No One is an Island: What the Edge Needs from the Network

As members of the telecom ecosystem, service providers, equipment manufactures, independent software vendors, and systems integrators, we all must discover: What does the Network have that the Edge really needs?

We hear a lot about the two sided business model as described in Simon Torrance’s Telco 2.0 project, where the service provider receives payment from media companies to deliver content and bill users for it while still charging users for access. This was taken up by the TMF who did explore what the core – the service provider systems and management – could offer to the media industry. But we still find this a simplistic business model, and it ignores an enormous amount of new activity at the Edge that is outside the control of the traditional media companies. Morphologically, this model is much the same as delivering call connectivity – but now between a media server and an edge customer.
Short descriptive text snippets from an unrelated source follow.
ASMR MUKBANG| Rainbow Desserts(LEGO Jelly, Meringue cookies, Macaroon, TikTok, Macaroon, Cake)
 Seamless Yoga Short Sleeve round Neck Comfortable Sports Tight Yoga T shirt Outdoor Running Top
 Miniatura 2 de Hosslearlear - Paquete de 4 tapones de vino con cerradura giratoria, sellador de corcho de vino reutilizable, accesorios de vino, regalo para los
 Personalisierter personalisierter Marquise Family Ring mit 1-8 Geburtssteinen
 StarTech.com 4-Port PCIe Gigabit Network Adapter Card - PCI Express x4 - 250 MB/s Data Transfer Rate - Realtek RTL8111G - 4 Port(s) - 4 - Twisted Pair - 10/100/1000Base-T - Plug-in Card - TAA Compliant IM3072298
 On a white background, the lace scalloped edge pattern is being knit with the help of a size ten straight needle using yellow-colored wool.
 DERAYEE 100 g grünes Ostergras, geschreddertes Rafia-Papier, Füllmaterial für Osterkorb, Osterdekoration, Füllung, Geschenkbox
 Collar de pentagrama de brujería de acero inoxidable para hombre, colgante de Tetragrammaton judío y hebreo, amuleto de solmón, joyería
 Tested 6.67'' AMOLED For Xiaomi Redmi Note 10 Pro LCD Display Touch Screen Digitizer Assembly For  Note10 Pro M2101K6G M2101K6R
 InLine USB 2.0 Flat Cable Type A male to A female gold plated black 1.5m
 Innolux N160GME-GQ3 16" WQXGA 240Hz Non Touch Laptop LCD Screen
IC/UC: Looked at from the perspective of the edge service providers of IP interactive communications (IC) and unified communications(UC), we find a rather different perspective and set of imperatives than those expressed by our friendly neighborhood network service providers. The Edge perspective, as expressed by Seamus Hourihan, who coined the term “session border control,”, now with Acme Packet, as Vice President, Marketing & Product Management:

“IC and UC services and applications will only become valuable when we can use them to reach anyone, anywhere, anytime. To paraphrase Metcalfe’s Law: the usefulness, or utility, of interactive communication equals the square of the number of users. Consequently, IC/UC must span multiple IP networks – business, residential and mobile; wireline, wireless and cable. Today’s consumers and businesses will be satisfied with—and pay money for—nothing less. Our only options for delivering this network nirvana are the Internet or the Federnet - a federation of managed IP networks.”